Segregation of solute atoms (Y, Nb, Ta, Mo and W) in ZrB2 grain boundaries and their effects on grain boundary strengths: A first-principles investigation

Abstract

ZrB2 based ultra-high temperature ceramics (UHTCs) exhibit a unique combination of excellent properties that makes them promising candidates for applications in extreme environments. Evaluating the correlation between microscopic defects and macroscopic performance of these materials is crucial for the design of UHTCs.
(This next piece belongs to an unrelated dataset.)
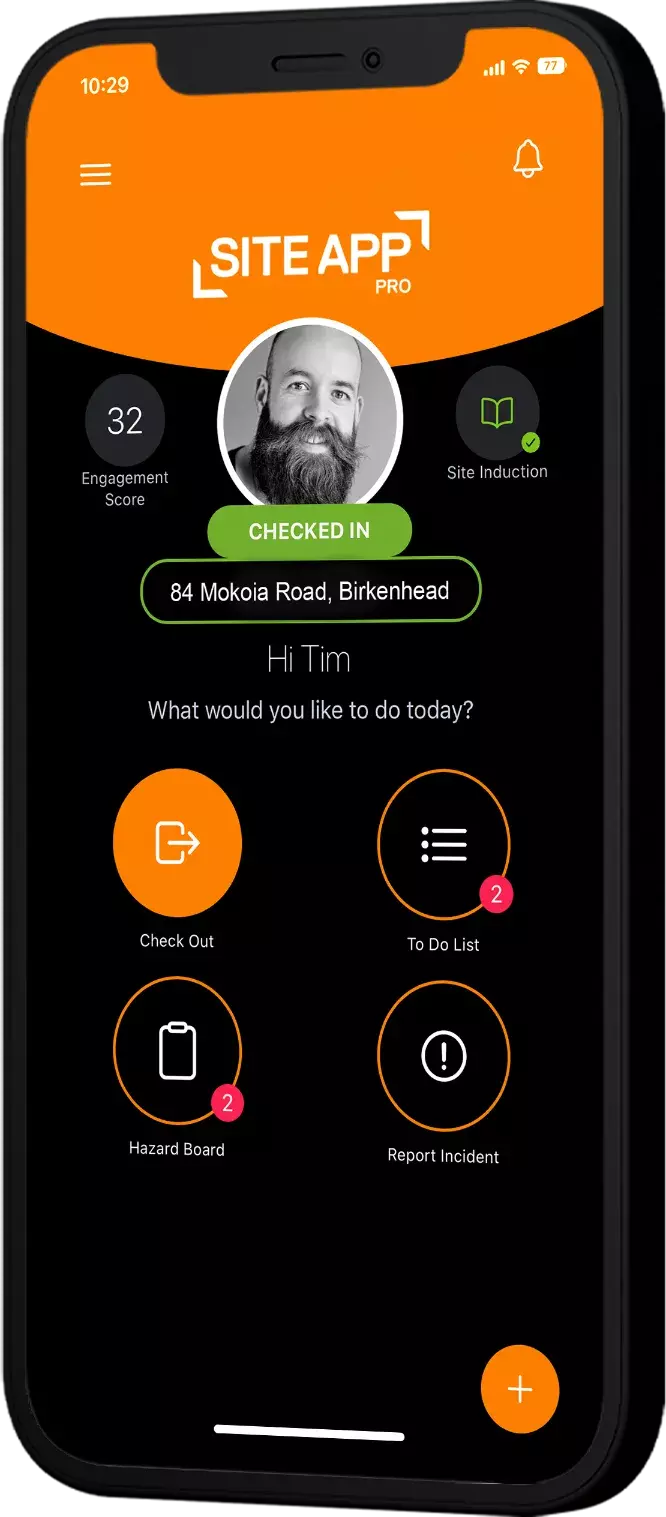 Hazard Board promo banner mobile phone screen rightThe Site App Pro home screen on a mobile device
The present work deals with a first-principles investigation on segregations of solute atoms (Y, Nb, Ta, Mo and W) in ZrB2 grain boundaries and their influences on grain boundary strengths. Opposite segregation tendency between Y and Nb, Ta, Mo or W is obtained, where Y prefers sites with long M-B bonds, while Nb, Ta, Mo or W prefers sites with short M-B bonds. The short equilibrium M-B (M = Nb, Ta, Mo or W) bonds induce local contractions around grain boundaries, which in turn strengthens grain boundaries remarkably, thereby enhances the mechanical properties of ZrB2 at evaluated temperatures. In contrast, segregation of Y poisons grain boundaries due to local expansions induced by long Y-B bonds, which will deteriorate the performance of ZrB2 based UHTCs. The results provide useful guidelines for the design of ZrB2 based UHTCs, since grain boundaries play a key role in determining high temperature mechanical properties.